Bulgaria is one of the cheapest places to live in the world and just might have the best real estate deals in Europe. So if you’ve got a fantasy of growing your own grapes by a house in the countryside, you can indulge that wish here for less than you’d spend on a used car at home. You might not want to bother growing your own vegetables though: what’s in season is typically four pounds for a dollar at the market…
Bosnia-Herzegonia and Montenegro
I’m sure “wine” is not the first thing that comes to mind when you think of Bosnia or Montenegro, but the neighboring nations of the former Yugoslavia actually have a good climate for grapes. I’m throwing these two countries together because there’s a lot of cross-commerce between the two when it comes to wine. In both countries I found wines from each of them side-by-side in the supermarket.
Those prices in those supermarkets were crazy cheap too, let me tell you. This shot above is me holding up a bottle of wine and half a loaf of bread (I had already eaten the other half). The wine and bread together were €2. I spent €1 on some cheese and was all set. In both countries I found glasses of wine on menus from €1.50 to €4 and whole bottles in a white tablecloth restaurant for under €10. Most are serviceable cheap wine blends that won’t blow any oenophile away, especially coming from the state-owned “Europe’s largest winery” next to an airport runway. If you get into towns like Rijeka Crnojevica , however, you can taste wine made in smaller batches with more care and do some hiking while you’re at it.

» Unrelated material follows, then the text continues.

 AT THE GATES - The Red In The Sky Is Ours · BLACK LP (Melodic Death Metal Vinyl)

Albania has a similar story to other ex-communist nations. A proud wine tradition, ruination by collective farming focused on output, then a revival after the dictatorship collapsed in 1990. This is actually the oldest wine-producing area on the planet after Greece, where it all started.

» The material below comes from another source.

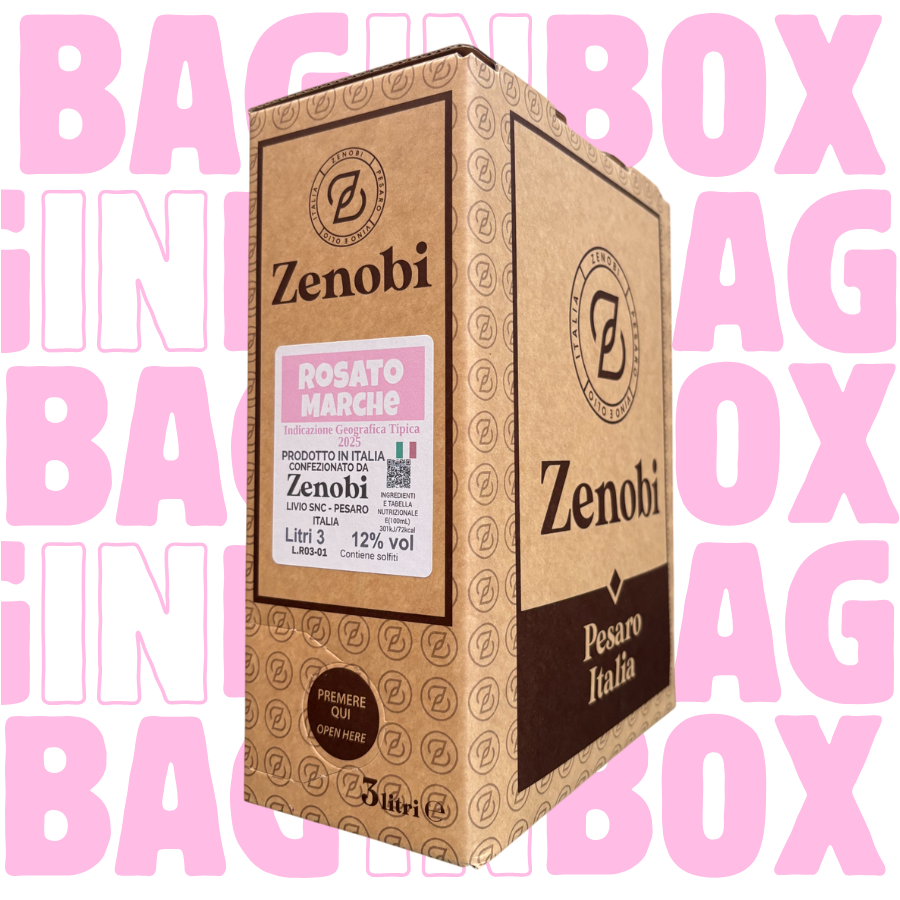 Marche Rosato IGT – Bag-in-Box 3 L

What the soviet-style leadership was good for was building factories, so there is plenty of capacity left here to grow production. It is small now, but Wikipedia shows more wine produced from fewer hectares now than in 1990 and you can bet the quality is much better too. I was only able to taste two whites and two reds while I was there, from different producers. None knocked my socks off, but considering I paid $1.50 to $3 a glass every time, the value proposition was certainly great. I was nearing the end of my trip and traveling alone, so I didn’t buy any bottles there, but when I perused the shelves, most were between $3 and $7.
What grapes are from here? Well maybe in 10 years these will be the hot new finds and we’ll learn to pronounce them: Serinë, Pulës, Cërujë, Mereshnik, Kryqës, Mjaltëz, Kotekë, Stambolleshë, Tajgë…
Portugal could arguably be on this list since prices there are only slightly higher than the others outlined here, especially outside of the big cities. Plus they do a much bigger export business than the others to the east, so there’s some quality validation on the world market to lean on as well. Spending four euros will get you a pretty good bottle of red or white and if you spend more than 10, you’re splurging.
Why isn’t Croatia on this list? The country has some of the most heralded wine outside of France and Italy, but unfortunately the country is no bargain—as a traveler or a drinker. Go because it’s great, not because it’s cheap.
Where else have you found great wine bargains in Europe?